I posted about using the Banach-Tarski Paradox(BT)  to explain the miracle of Loaves and Fishes (LF) here.

Darling says that whenever I fool my readers or my students then I have to tell them later, so I'll tell you now: The story about me meeting with Pope and talking about the BT Paradox (that would be a good name for a rock band: B-T-Paradox) was not true. I think my readers know that.

 

1) I first learned the Banach-Tarski Paradox as a grad student in 1981 when I read Hillary Putnam's article Models and Reality where he writes on Page 470:

One cannot simply sit down in one's study and ``decide'' that ``V=L'' is to be true, or that the axiom of choice is to be true. Nor would it be appropriate for the mathematical community to call an international convention and legislate these matters. Yet , it seems to me that if we encountered an extra-terrestrial species of intelligent beings who had developed a high level of mathematics, and it turned out they rejected the axiom of choice (perhaps because of the Tarski-Banach Theorem), it would be wrong to regard them as simply making a mistake. To do that would, on view, amount to saying that acceptance of the axiom of choice is built into our notion of rationality itself; that does not seem to me to be the case.

I agree with him and I wonder if we accept AC too readily. See my blog post on the BT paradox and my wife's strong opinion (she's against it).    

2) Back in 1981 my first thought was I wonder if someone has thought to use the BT paradox to explain the LF? And if so, were they serious or was it some kind of  joke? And does the Pope really get a discount at Pope-Yes? 

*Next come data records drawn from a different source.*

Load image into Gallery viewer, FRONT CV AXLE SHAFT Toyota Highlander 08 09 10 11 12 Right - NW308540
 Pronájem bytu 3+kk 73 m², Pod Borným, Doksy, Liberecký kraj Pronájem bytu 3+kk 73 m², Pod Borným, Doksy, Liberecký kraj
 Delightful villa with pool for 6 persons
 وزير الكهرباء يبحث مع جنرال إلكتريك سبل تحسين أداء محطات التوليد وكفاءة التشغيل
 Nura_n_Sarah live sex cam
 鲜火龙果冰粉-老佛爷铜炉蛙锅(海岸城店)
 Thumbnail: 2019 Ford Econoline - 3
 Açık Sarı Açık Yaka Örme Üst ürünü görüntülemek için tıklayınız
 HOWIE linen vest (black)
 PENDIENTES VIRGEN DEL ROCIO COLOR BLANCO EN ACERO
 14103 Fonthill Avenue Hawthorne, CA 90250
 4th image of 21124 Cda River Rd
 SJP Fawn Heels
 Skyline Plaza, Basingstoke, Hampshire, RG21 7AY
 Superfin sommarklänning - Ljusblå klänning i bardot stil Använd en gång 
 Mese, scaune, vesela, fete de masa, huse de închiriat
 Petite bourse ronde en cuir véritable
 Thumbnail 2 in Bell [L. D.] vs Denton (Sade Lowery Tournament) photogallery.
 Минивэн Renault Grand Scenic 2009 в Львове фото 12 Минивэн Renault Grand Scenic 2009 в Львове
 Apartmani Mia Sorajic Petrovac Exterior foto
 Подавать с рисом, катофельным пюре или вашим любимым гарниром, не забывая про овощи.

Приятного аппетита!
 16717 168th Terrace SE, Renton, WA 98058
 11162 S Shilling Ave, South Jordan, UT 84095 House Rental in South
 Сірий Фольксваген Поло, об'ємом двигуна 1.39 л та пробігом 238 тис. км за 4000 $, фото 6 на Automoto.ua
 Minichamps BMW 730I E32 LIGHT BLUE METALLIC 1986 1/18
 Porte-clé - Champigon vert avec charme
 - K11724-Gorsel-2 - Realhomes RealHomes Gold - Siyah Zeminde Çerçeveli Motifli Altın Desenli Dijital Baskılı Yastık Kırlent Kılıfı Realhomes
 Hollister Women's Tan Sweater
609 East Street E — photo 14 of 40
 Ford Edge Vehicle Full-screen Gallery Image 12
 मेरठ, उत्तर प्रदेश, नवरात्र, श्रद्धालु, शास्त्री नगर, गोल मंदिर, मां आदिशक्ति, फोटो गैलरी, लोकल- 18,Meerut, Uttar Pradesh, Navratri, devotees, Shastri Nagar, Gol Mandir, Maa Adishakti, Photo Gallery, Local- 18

I also had the meta-thought (which I could not have said as cleanly as I will now):

 I wonder how I could find out if anyone else has thought of the BT-LF connection? 

Recall that back in 1981 the Internet was but a glint in Al Gore's eyes.  So back then I could not find out if anyone else had that thought of BT-LF. 

But now I can! And indeed, as I expected, some other people have made the connection of BT to LF: 

A tweet and a Reddit thread discussing the tweet: here. Not serious 

A serious article, I think, here   

A 24-page article about Holy Water and BT.  I can't imagine an article that long being a parody so I think its serious, see here. On the other hand, there is a 12-page article about Ramsey Theory and History that I think is supposed to be a parody, see here. (My proofreader points out that a different definition of parody is A feeble or ridiculous imitation so the article may well be a parody in that sense.

A parody article, I think, here

I am sure there are more. 

3) I had thought of doing a blog post about BT and LF  a long time ago,  but Pope Leo having a math degree was the final push I needed.

4) The word cardinal has three very different meanings: (a) a type of infinity, (b) a position in the Catholic church, (c) the bird.  Same for large cardinal.

5) One of my students who proofread the post thought that people will know it's a hoax since I am a vegetarian and hence would not eat at Pope-Yes, even if the Pope was paying.